Parliamentary secretary Rebecca Buttigieg recently promised better pensions for women and longer parental leave, but did not return to the issue of the Equality Bill.

Consistent with PL’s 2022 electoral promise to support women’s start-ups, the Micro Invest incentive scheme has a higher maximum aid ceiling if an applying business is at least half female-owned – the same extra support that is available to businesses in Gozo and family businesses. But Micro Invest is for “innovation, expansion, and development” of businesses rather than for starting them.

Health

EIGE data shows Maltese men report feeling healthier than Maltese women, and the gap widens sharply among disabled persons.

This election campaign included a women’s health push. The prime minister promised free endometriosis medication, a dedicated women’s clinic and free hormone replacement therapy. Amid the flow of promises, voters are looking back at what happened to the previous batch.

The 2022 proposals that concern women’s health were:

  • Free and accessible IVF – both parties: Free IVF was introduced already in the prior legislature, and costs are refunded to eligible parents.
  • Free hormone replacement therapy and other medicines for women experiencing menopause – for both parties.
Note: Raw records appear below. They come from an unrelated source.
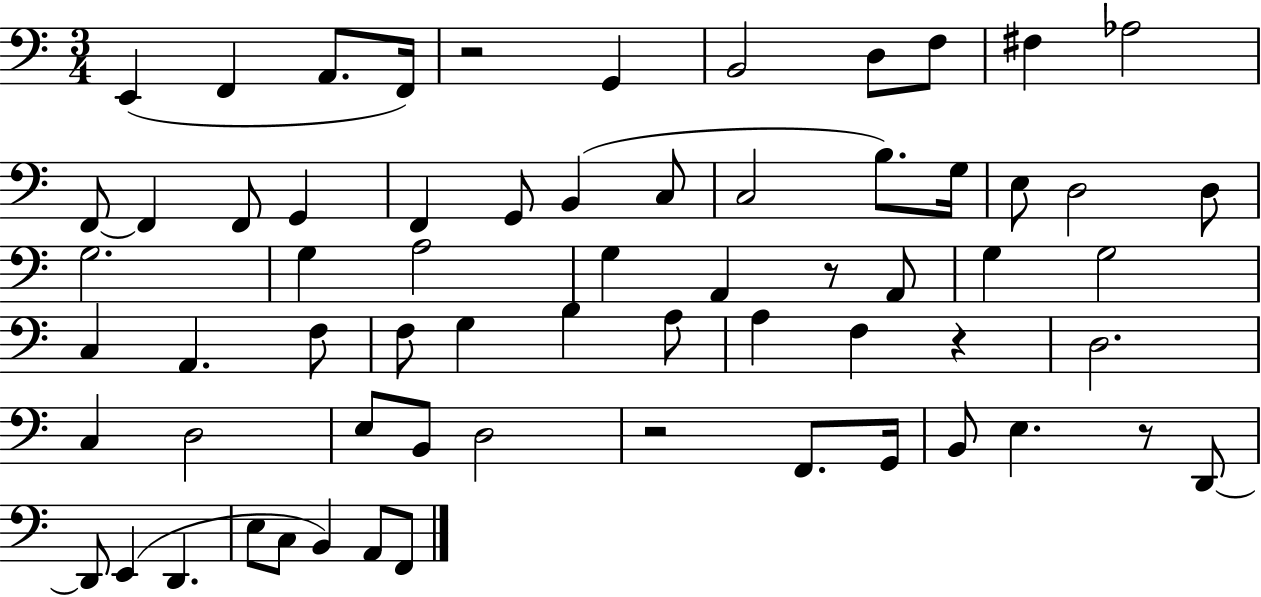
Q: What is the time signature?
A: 3/4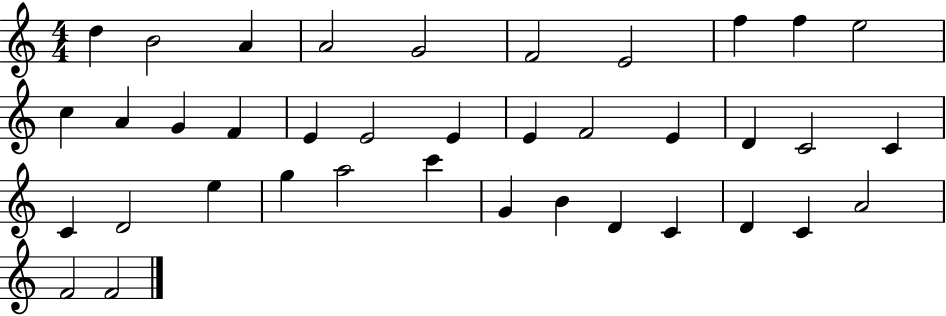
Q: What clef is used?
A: treble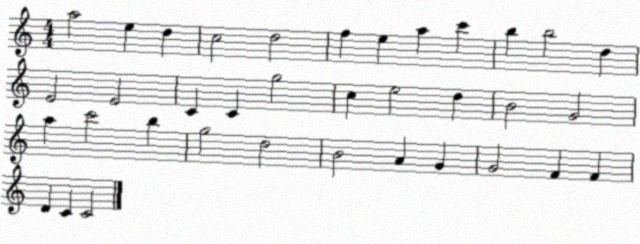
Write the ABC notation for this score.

X:1
T:Untitled
M:4/4
L:1/4
K:C
a2 e d c2 d2 f e a c' b b2 d E2 E2 C C g2 c e2 d B2 G2 a c'2 b g2 d2 B2 A G G2 F F D C C2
Currently, female hormones are compensated only for people diagnosed with Gender Identity & Sex Characteristics Related Conditions, Hypogonadism, Hypopituitarism, Malignant Diseases, Turner Syndrome, Endometriosis/Adenomyosis, and Precocious Puberty.
  • Free mental health care for women experiencing post-natal depression – PN. Help with moderate to severe perinatal mental health disorders is provided by the Perinatal Community Mental Health Service, available to mothers and fathers. There is also a screening programme for this.

Free medical aid may be offered to those diagnosed with endometriosis, osteoporosis, and Gender Identity and Sex Characteristics Related Conditions. Prof. Borg, having analysed both parties’ proposals, notes that free contraception had been promised previously but never implemented, and both major parties avoid engaging with the question of abortion.

Safety

Crime in Malta is overall in decline. However, domestic violence and sexual crimes are a particular concern.

Introducing femicide into Maltese law is recognised as a legal breakthrough, although its application in courts remains limited. Given the slow pace of justice, there is not enough case law to review how this change has worked in practice.

Femicide sits at the top of the iceberg of gender-based violence, which remains pervasive.

Official data reveal that 3 out of 16 women murdered in gender-based crimes between 2012 and 2022 had previously sought support from the national social welfare agency ahead of the crime. One in four women in Malta reports experiencing intimate partner violence. Police issued 17,486 domestic violence charges between 2021 and mid-2025 but secured only 933 convictions, roughly one for every nineteen charges.

As the 2026 manifestos roll in, some will repeat the promises of 2022. Voters might reasonably ask the candidates a different question this time: not what they promise, but how they want to go about delivering.